(Idk why Marxist.com butchers the title but I just used the one sight and sound used when they published this)

    • AluminiumXmasTrees [he/him]
      hexagon
      ·
      edit-2
      4 years ago

      I'll reply properly after I'm done with physio but in brief while I have a few minutes -

      One
      death of the author applies here. I don't think his statement on NOTLD is wrong. Whether Romero or Russo intended any allegorical significance to the casting of Duane Jones, I don't think it can be argued that the ending - an innocent black man, whom the audience has identified as a hero throughout the film, is without warning gunned down by an armed militia, the aftermath of which is shown only in grainy stills, recalling newspaper photographs of real crime scenes - would have carried a lot of weight in the civil rights era and especially so in the aftermath of MLKs assassination (which I know happened during post production but I'm not arguing what Romero's intention was). I also don't think Romero could have been as unaware as he claims he was when it comes to Duane Jones and the power behind making such a casting choice in that era. Especially given Judith O'Dea claiming that Romero altered the script for Duane Jones (which I know he denied)

      Two
      Re: TCM and its influence on slasher.
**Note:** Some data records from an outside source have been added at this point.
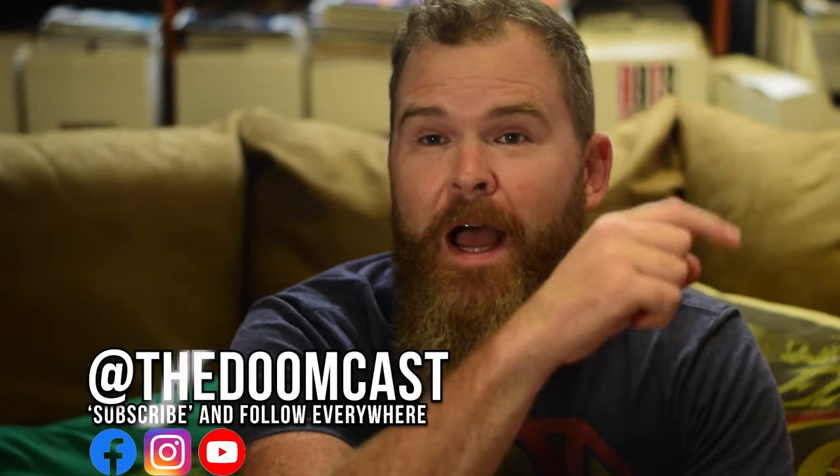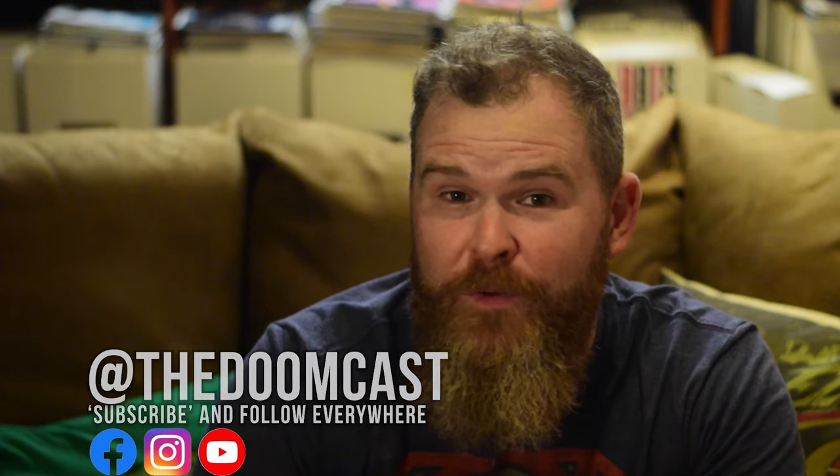Hit subscribe and the bell. I make about one of these videos a week. They're all great, so please don't miss even one.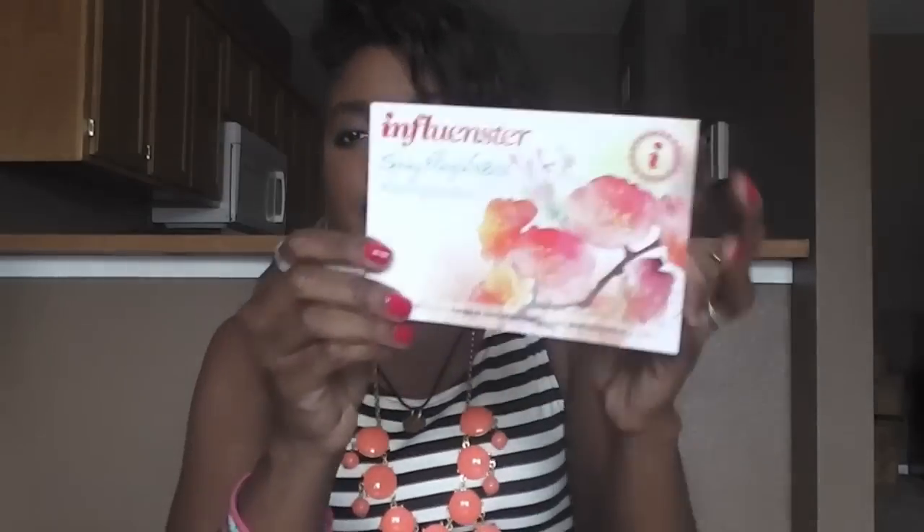Here is the description — this is what I was looking for, but it was all the way at the bottom of the box. It's called the Spring Fling Vox Box. So we have the Rimmel Scandalize mascara, the French Nails, and the Peach Pie freshener from the Labor Day movie — that's the flavor, Peach Pie. Also the Playtex Sport Fresh Balance tampons and the Nivea Skin Firming Hydration Lotion.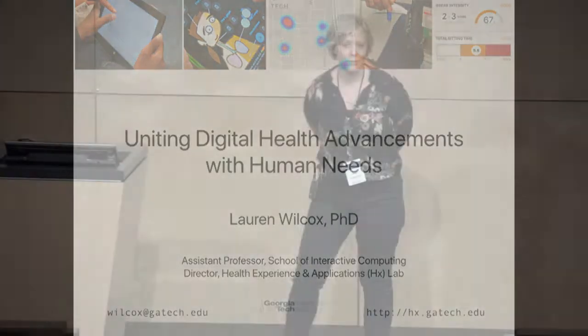Hi everyone. I'm Lauren Wilcox. I'm visiting from Georgia Tech. I met Eric as an intern at MSR. I was doing my graduate work at Columbia University, and I was interning with Dan Morris and Desney Tan.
Again I think death of an author applies. I also don't think the essay specifies TCM is specific influence on Halloween but on the larger slasher genre as a whole which imo is inarguable. I'd also say Black Christmas is more of a touchstone for Halloween (which Carpenter had seen) than Tobe's effort but I think TCM had a massive impact on the subgenre itself, just in terms of tone and set-up. And honestly, the similarities between Halloween and TCM are striking enough that I don't think it's too much of a stretch - a modern twist on urban legends (TCM taking on the exaggerated and twisted true crime tales that rose up around Ed Gein and similar, Halloween interpretating the local urban myth about that abandoned house on the street in every town in the world), a specific realistic tone, a shocking lack of Gore despite the reputation of both (which in both is down entirely to tone and implication) and of course an anonymous, masked killer stalking a group of naive young teenagers. Both have strong feminist interpretations and both are from directors who approached the material in a new and unique way for exploitation cinema at the time. I think enough similarities exist that you can argue some kind of influence, even if just on the level of "TCM proved their was an audience for a new take on horror...".

      Three
      I agree with you on the Italian section. Seems obvious the author was mostly unfamiliar outside of the standard giallo canon and the obvious italio-extreme titles.

      Sorry if this is all over the place, I wrote it during a break from physio very quickly. I'll reply properly when I'm done.

        • AluminiumXmasTrees [he/him]
          hexagon
          ·
          4 years ago

          Oh yeah, I'm not saying you're wrong about Texas Chainsaw not having much influence on Halloween. Remember Carpenter had already made a student film ("Captain Voyeur" I think it was called?) about a man following a college student home and stabbing her to death. So clearly he was already thinking about these themes as early as 1969/1970. However I think it's clear that the Texas Chainsaw Massacre was a big influence on the wave of slashers that followed in Halloween's wake.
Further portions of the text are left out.